I revisited my old stats dating back 50 years ago when the U.S. was mired in deep recession, 1973–’74. Our expression then for the malaise: Who cares? Nobody cares.
Today, pundits debate whether the market should sell at 18 to 20 times forward, 12 month earnings power and whether the FRB remains passive followers of troublesome economic indicators. But it’s time to massage the Fed Funds rate. The yield curve between 2-year and 10 -year Treasuries now so inverted suggests market forces not Fed intentions dominate yield spreads.
I endured the 1973–’74 recession, so deep and nasty for us as active players. Panic in real estate markets was equally hurtful. Owners of co-ops in The Big Apple walked away from their apartments because maintenance expense ran too high to their asset valuation. I bought my first apartment in The Dakota for $87,500. My neighbors, John and Yoko Ono, wanted to scoop up all available offerings in the Dakota, including one for a rehearsal studio as their son Sean, beat his drums with practiced conviction.

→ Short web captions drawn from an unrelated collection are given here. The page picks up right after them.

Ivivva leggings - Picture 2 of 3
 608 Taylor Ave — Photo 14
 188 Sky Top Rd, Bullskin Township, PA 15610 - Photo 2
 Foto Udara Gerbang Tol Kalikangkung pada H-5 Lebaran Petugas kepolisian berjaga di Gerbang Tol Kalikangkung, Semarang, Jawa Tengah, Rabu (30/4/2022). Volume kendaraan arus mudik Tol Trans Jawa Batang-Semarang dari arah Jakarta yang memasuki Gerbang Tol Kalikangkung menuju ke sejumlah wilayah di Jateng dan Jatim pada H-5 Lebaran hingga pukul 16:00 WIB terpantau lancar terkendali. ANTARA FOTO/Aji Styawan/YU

I recall deep pain in my gut, trading stocks in the no-man’s land of 19 73–74. Even told my present wife of 50 years that I might have to fold my tent in ‘73. Did she still want to get married? Toni nodded “Yes Oh Yes,” so we tied the knot Valentine’s Day and have lived happily ever after. I got lucky. The silver straddles I put on there in London didn’t destroy me, after all.
But I had to pass on some great Abstract Expressionist paintings, selling in low thousands that now change hands in tens of millions. When you’re early, art puts away even venture capital rates of return. Emeshed in Wall Street, who was I to single out great art buys as well?
Fifty years later, I still recall pain deep in my gut, but not such specific numbers that caused the pain. Today, I own a bunch of 2-year Treasuries yielding 5% , 65 basis points above counterpart 10- year notes. Nobody early on explained such historic yield disparity, going back 30 years. Such negative yield is at a 30-year record. My conservative act is costing me serious money, and raised my stupidity quotient unhappily.
This is akin to our banks last year, holding their advisory clients in the bespoken ratio of equity to debt of 60/40. They dropped 16% for the year but barely criticized for doing the perceived acceptable investment construct.
During 1973–’74 the conceptual investment framework was torn apart. Amid hyper inflation and soaring interest rates, the Dow Jones Averages sold at a discount to book value. Nobody anticipated the rise for interest rates and inflation. Rates rose 250 basis points. Today, the FRB and its followers dwell on quarter point margins. Much too conservative a construct. Such a swing in interest rate swings can move a stock market as much as 50%.
The price-earnings ratio in 1973 collapsed from mid-teens to as low as 11 times earnings. The market actually based out at 570 late in 1972 at 6 times earnings. We reverted back to the days of 1949. All I knew then was nobody had any money. I had just entered CCNY, and hoped to make a living writing short stories. It took exactly 8 months in 1973 to make you thoroughly disgusted with yourself as a savvy money manager.
The deep basic was a market deeply deflated. In 1974–’75 Dow Jones stocks were cutting their dividends. Dupont, General Motors et al. Price-earnings ratios like interest rates tend to move in great tides of rise and fall. I believe we could be entering an early phase of an ebb tide. When earnings disappoint, stock prices are likely to drop violently. Bull markets could run shorter. Today, polite players believe the market should sell at 17 to 20 times earnings. Sounds too pie-in-the-sky to me. Think of our earnings history. Price earnings ratios got battered and fluctuated between seven times earnings in 1975 from the highs of 21 times results.
No rose garden ahead. Our Fed blows in the wind with wishy-washy action. Who can explain why we show a negative yield curve between 10-year Treasuries and 2-year Treasuries? I’ve gone back some 30 years and then my charts go no further.
The answer is the Fed needs to raise an enormous gob of capital next 12 months or so.
Don’t take for granted, the bullish consensus, that the market sells at 20 times rising earnings.

The Fed needs to buy back trillions of its outstanding debt, lower the Fed Funds
rate by a couple of hundred basis points and fund a sizable Federal deficit coming.
No rose garden ahead.
The foreign based Sony, was numero uno in terms of 10-year rate of return. Xerox had already started to fade, in the 16 spot, while Polaroid at 25 was sandwiched between Eli Lilly and Amerada Hess. Not only is nothing forever but it’s dangerous living in the high ground.